Spring has sprung – it's astronomical!

Spring! Here comes the Sun!

Welcome to the first day of spring, a day in which Earth's northern hemisphere residents have high hopes they won't have to deal with frigid weather and ice storms for many months – and you'll be free of The Weather Channel, and its ridiculous practice of “naming” winter storms.

Ridiculous?

Trillium beginning to bloom at Enlow Fork, Greene County, Pa. in 2018.

You see, the winter storm names are native to The Weather Channel. No government service uses them; they're not official in any way! You won't hear them from the National Weather Service, the National Oceanic and Atmospheric Administration, not even the Punxsutawney Center for Marmota Monax Predictions.

In fact, as an editor at the Pittsburgh Post-Gazette in years gone by, I crafted an edict backed by the editor that these winter storm names NOT be used in print or online products.

Simply, I believe, the use of winter storm names is a clever way of promoting The Weather Channel. Yep. Use them, and you're giving TWC a pat on the barometric back. Because no other official weather  organization else uses them.

OK, fine. Winter is over.

So what do I get in an online feed from The Weather Channel on this, the wonderful day of the vernal equinox?

A video proclaiming there are TWO kinds of spring.

Wait . . . what?

Yes, there is meteorological spring and astronomical spring.

I get it. Weather forecasters and gurus everywhere coined “meteorological spring” for their own purposes. It's a manner of keeping records. As the Internet explains to me, “meteorologists recognize March 1 as the first day of meteorological spring, which is based on annual temperature cycles and the Gregorian calendar.”

Whatever.

But let's not unleash this video on an unsuspecting public to further confuse them.

If we're going to have meteorological spring, why can't we have others?

Peteyological spring? Yes! That would start Jan. 7, the date of the latest sunrise at about 40 degrees north. Oh, the Sun finally is coming back! Or for my lovely wife, we could have Amyological spring. It starts on her birthday, March 15. Of course, we could have Punxsutawneyological spring, but only if Phil doesn't see his shadow.

Let me be clear:

Seasons are ASTRONOMICAL EVENTS. Period.

Oh, I understand. There still might be snow in May in Pittsburgh (I've seen it). Many of you will hate it.

But at 5:24 p.m. EDT March 20, 2023, we celebrated the vernal equinox – the start of spring in the northern hemisphere – as an astronomical event.

Astronomical.

The Earth, as it tilts like a top on its spinning axis, today is situated so that the Sun is overhead at midway at the equator. And because of this planetary tilt, the Sun appears to be moving north to bring us summer in a few months. Remember how low the Sun appeared to us on the short days of December and January? The tilt.

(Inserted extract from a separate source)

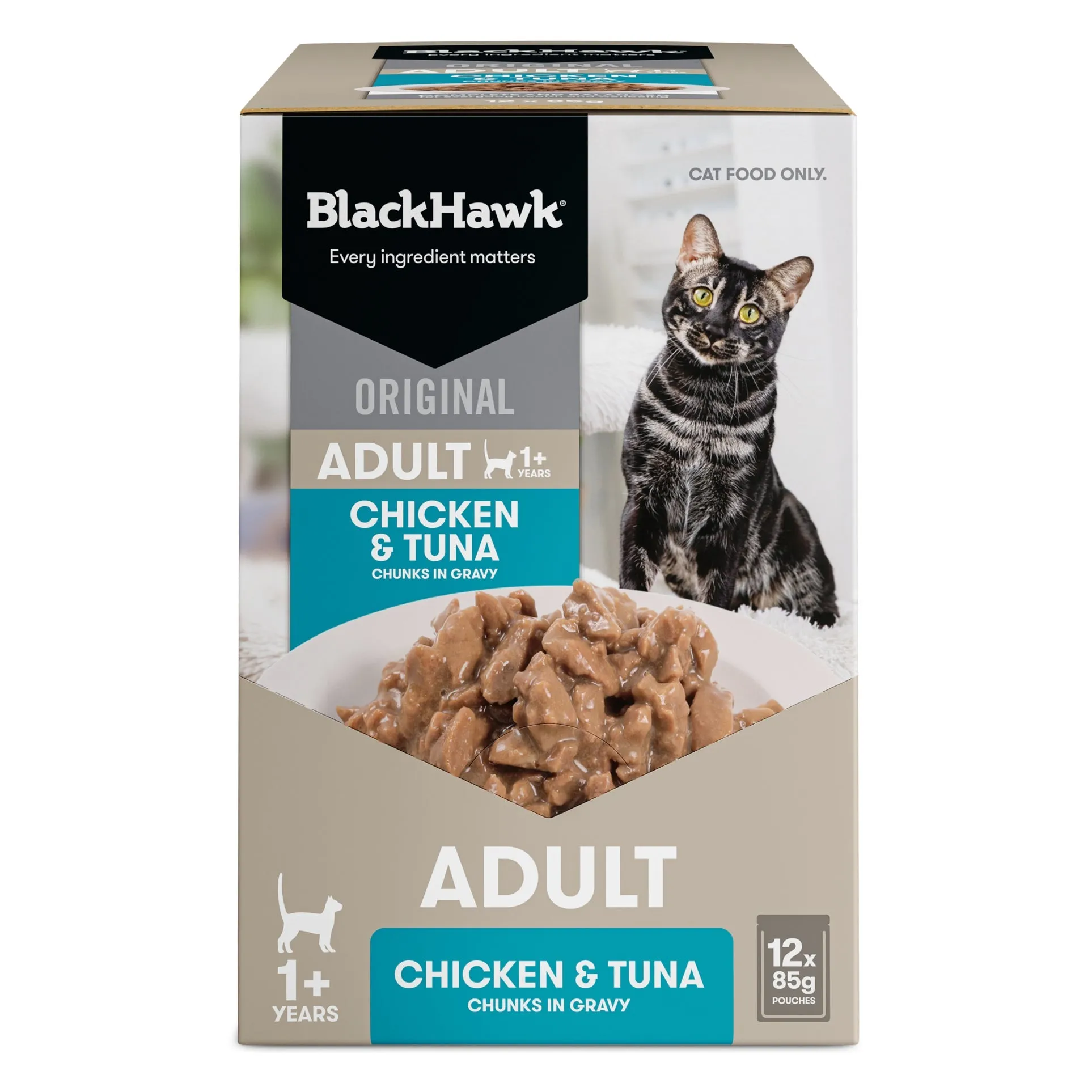 Black Hawk Chicken and Tuna in Gravy Cat Wet Food 85gx12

And maybe you've noticed the Sun is rising due east and setting due west. Wow . . . must be astronomy!

Take note: IF . . . if these astronomical events did not occur, we would have no reason for meteorological spring, no Peteyological spring, no improving weather.

Read that again. I'll wait. Take your time.

Seasons are astronomical. Here's a post from StarDate with more information.

I am not upset at The Weather Channel because Maria LaRosa (a Penn State lady!) no longer is there. Where is Heather Tesch? It's just that it would be better to accurately forecast the weather than share inaccurate agendas and promotions.

Astronomy already has taken quite a hit from astrology, which has no scientific-based evidence to back its, uh, predictions. Too many people confuse the two and, astonishingly, believe the latter.

Weather scientists should be just that – scientists. And they should promote and disseminate the science and the factual information it uncovers.

Spring, officially, has sprung. Indeed, it's astronomical!